§ Exercise description:
Going through the data below, please show each line containing the string "Prints".

§ Web page caption snippets:
-- Opening Marker --

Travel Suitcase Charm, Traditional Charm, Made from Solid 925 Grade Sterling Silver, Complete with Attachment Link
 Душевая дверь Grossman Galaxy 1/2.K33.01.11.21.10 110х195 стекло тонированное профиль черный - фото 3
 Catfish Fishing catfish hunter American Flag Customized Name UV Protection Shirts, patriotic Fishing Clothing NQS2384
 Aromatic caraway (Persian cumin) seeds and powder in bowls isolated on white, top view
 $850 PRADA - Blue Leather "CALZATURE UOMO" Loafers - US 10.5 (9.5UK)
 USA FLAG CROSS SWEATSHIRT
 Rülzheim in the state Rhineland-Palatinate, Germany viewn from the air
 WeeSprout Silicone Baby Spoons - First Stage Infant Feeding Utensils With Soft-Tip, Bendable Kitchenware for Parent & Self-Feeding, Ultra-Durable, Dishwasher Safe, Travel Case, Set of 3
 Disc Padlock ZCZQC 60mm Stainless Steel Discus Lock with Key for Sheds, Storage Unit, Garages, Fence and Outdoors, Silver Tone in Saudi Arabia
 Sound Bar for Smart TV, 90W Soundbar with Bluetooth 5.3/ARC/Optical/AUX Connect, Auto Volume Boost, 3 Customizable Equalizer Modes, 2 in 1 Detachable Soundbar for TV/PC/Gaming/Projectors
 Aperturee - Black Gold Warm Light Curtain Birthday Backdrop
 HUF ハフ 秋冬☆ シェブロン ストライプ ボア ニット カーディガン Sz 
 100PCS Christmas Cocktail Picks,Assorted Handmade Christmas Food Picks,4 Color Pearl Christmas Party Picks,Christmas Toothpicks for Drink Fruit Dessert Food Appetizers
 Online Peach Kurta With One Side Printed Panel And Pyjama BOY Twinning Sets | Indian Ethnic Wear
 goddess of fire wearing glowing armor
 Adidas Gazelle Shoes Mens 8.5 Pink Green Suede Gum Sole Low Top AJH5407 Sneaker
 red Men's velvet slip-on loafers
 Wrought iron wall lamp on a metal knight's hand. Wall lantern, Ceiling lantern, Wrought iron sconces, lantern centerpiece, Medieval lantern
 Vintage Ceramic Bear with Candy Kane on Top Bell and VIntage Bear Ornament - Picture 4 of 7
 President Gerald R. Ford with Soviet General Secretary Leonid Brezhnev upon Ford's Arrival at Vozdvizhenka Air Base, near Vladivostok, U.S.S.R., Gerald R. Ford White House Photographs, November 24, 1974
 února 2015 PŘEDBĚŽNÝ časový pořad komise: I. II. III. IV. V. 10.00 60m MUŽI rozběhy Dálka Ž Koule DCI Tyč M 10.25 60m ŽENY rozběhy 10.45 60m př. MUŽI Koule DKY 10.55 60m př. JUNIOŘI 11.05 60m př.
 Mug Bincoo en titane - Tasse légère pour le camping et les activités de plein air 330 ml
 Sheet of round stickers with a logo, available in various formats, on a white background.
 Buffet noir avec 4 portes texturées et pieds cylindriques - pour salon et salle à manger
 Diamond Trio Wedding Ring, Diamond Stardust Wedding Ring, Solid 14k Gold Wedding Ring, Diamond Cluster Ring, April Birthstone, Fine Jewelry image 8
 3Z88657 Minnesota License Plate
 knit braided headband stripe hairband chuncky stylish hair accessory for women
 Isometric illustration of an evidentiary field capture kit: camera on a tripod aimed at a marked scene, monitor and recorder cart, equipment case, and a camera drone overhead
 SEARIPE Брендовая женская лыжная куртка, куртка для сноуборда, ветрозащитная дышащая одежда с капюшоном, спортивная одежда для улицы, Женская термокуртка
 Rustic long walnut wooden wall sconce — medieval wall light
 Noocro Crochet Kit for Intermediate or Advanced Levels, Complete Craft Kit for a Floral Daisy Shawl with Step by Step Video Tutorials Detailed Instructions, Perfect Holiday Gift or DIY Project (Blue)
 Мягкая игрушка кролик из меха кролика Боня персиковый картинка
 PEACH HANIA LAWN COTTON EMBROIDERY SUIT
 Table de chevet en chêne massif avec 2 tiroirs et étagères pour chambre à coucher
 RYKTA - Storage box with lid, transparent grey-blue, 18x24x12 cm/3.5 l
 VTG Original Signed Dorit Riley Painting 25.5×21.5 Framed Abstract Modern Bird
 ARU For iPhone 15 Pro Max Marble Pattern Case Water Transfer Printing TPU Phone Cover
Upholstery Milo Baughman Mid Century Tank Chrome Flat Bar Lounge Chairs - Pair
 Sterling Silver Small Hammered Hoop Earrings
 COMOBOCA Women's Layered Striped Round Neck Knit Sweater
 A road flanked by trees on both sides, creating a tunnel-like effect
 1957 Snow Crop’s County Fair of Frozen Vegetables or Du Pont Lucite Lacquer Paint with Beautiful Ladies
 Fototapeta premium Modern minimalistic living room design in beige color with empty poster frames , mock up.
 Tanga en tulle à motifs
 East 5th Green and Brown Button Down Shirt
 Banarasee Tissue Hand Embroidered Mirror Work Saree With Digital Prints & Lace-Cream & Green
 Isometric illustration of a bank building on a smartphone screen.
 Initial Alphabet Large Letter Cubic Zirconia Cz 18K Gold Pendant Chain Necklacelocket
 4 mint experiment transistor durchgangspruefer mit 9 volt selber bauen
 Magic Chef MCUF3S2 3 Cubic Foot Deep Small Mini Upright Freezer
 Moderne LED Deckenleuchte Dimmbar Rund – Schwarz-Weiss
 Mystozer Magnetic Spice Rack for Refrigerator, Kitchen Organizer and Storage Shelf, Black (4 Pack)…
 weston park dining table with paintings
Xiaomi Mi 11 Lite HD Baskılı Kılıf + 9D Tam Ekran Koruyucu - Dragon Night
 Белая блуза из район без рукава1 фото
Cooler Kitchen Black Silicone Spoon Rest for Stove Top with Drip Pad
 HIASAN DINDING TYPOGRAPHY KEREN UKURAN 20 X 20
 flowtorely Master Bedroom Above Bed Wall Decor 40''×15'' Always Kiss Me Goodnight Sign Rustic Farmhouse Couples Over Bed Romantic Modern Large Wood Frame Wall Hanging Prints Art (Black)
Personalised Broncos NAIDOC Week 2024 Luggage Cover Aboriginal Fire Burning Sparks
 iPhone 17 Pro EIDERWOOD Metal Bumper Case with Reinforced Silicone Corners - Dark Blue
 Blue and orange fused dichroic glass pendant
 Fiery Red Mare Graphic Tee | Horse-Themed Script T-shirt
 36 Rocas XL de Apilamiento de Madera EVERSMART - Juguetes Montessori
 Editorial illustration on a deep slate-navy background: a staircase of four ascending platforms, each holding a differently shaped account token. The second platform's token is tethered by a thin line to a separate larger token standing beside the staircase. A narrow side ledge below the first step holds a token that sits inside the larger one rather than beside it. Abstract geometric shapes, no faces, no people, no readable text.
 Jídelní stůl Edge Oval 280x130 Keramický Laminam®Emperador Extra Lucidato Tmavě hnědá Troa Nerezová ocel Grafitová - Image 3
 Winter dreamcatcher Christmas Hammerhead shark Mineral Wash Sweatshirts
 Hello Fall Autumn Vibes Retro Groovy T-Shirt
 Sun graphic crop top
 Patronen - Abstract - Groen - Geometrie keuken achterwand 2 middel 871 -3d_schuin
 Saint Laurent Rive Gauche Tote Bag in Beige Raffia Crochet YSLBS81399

-- Closing Marker --

§ Output:
 Banarasee Tissue Hand Embroidered Mirror Work Saree With Digital Prints & Lace-Cream & Green
 flowtorely Master Bedroom Above Bed Wall Decor 40''×15'' Always Kiss Me Goodnight Sign Rustic Farmhouse Couples Over Bed Romantic Modern Large Wood Frame Wall Hanging Prints Art (Black)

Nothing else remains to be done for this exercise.